EXERCISE DIRECTIONS:
Write out, word for word and with no pictures, each line below from the one containing "vj ciclo radial" through the one containing "SOYO NVIDIA GeForce", both included, and no other line.

DATA FOR THE TASK:
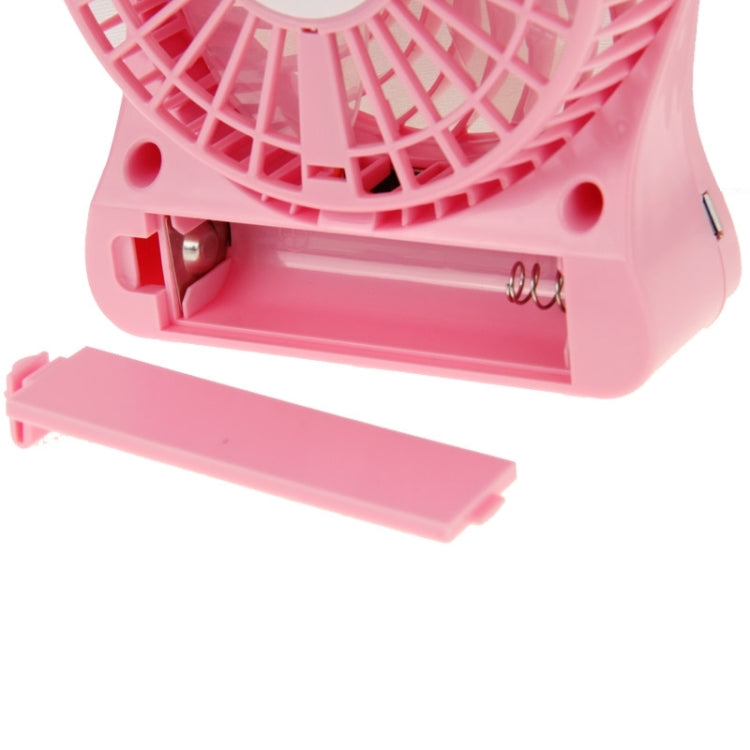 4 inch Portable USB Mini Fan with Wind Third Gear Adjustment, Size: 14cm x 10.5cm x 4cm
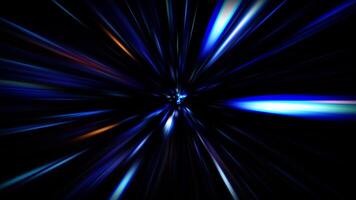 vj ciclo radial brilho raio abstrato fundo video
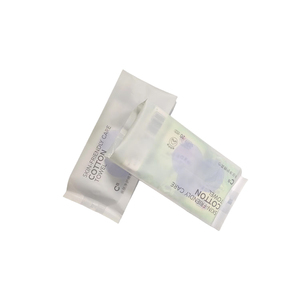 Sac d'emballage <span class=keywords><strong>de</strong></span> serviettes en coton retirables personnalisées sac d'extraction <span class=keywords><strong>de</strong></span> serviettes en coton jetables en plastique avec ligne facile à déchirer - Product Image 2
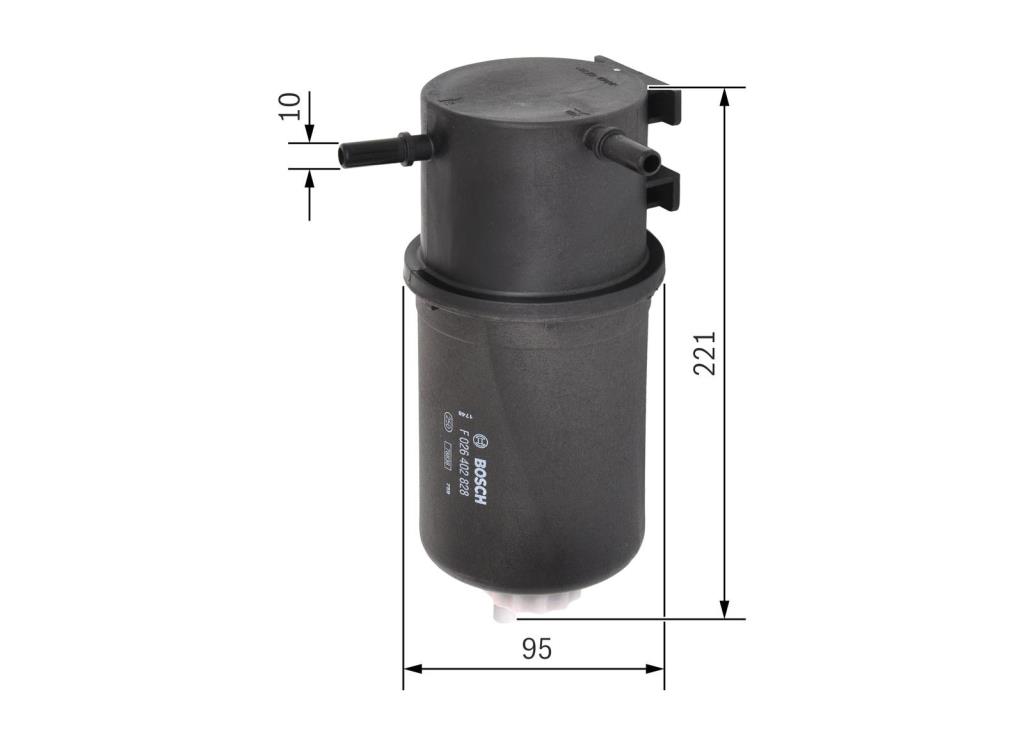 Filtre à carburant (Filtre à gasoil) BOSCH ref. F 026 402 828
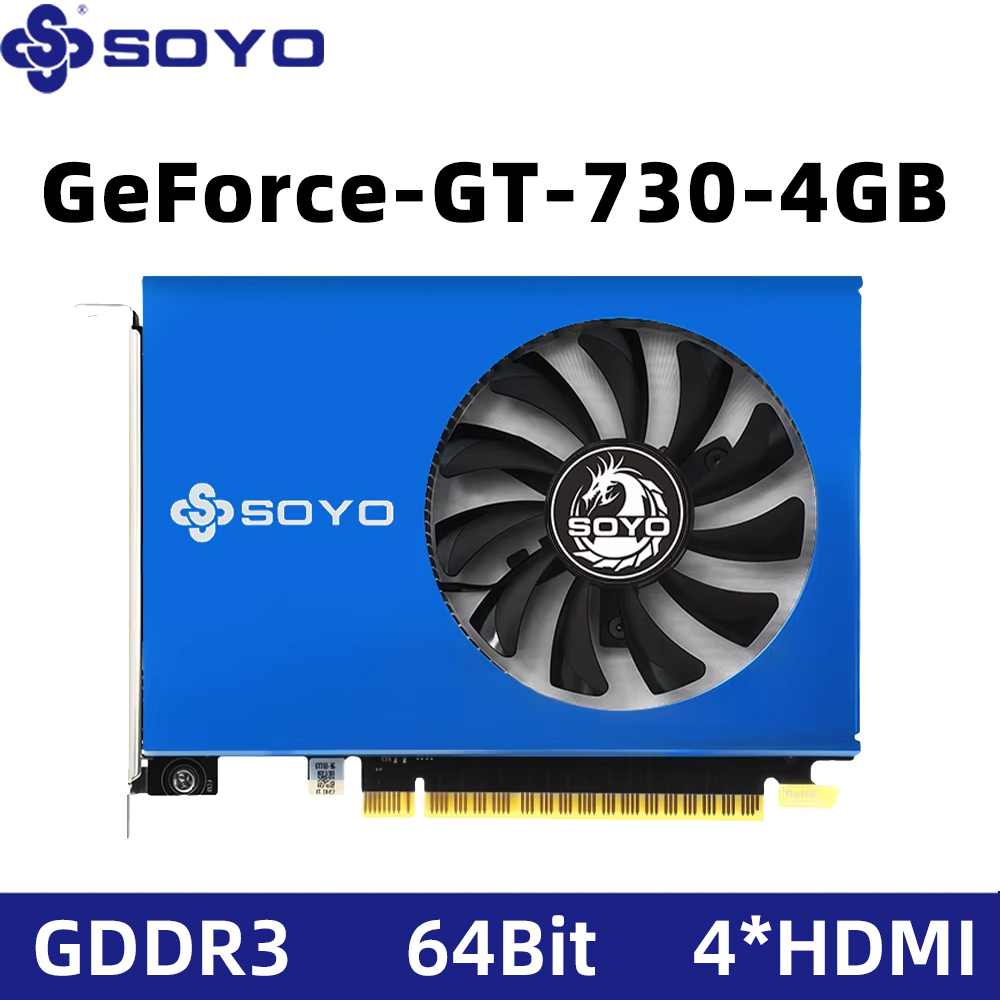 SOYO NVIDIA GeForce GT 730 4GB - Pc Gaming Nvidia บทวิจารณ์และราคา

--

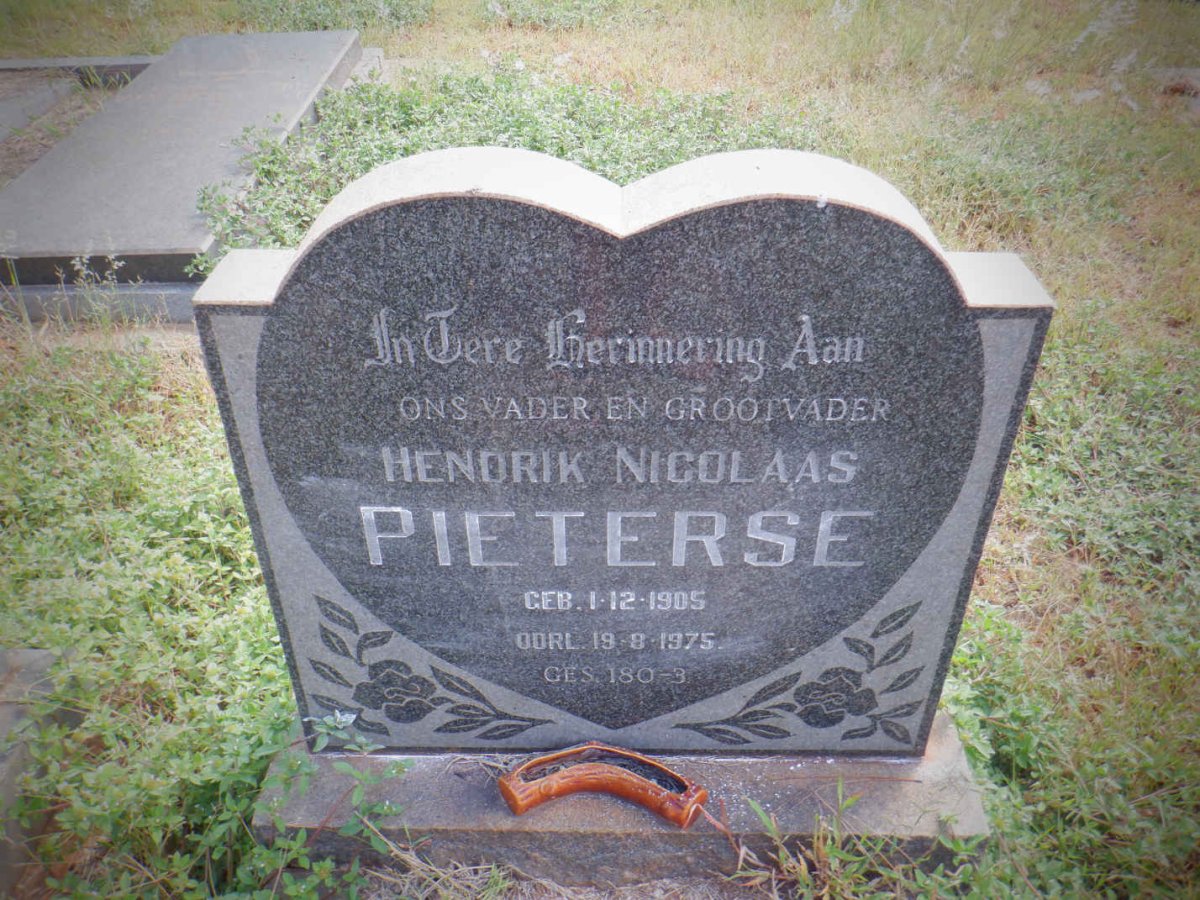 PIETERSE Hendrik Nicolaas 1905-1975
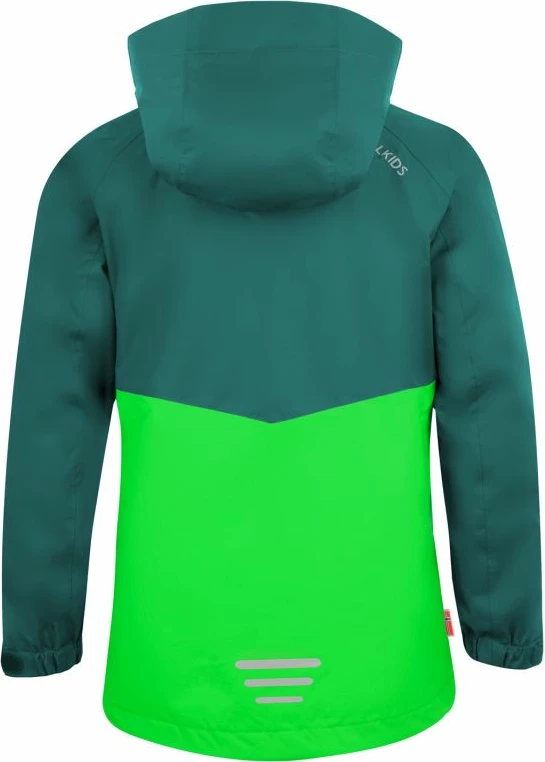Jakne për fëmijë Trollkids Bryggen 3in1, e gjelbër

EXERCISE ANSWER:
 vj ciclo radial brilho raio abstrato fundo video
 Sac d'emballage <span class=keywords><strong>de</strong></span> serviettes en coton retirables personnalisées sac d'extraction <span class=keywords><strong>de</strong></span> serviettes en coton jetables en plastique avec ligne facile à déchirer - Product Image 2
 Filtre à carburant (Filtre à gasoil) BOSCH ref. F 026 402 828
 SOYO NVIDIA GeForce GT 730 4GB - Pc Gaming Nvidia บทวิจารณ์และราคา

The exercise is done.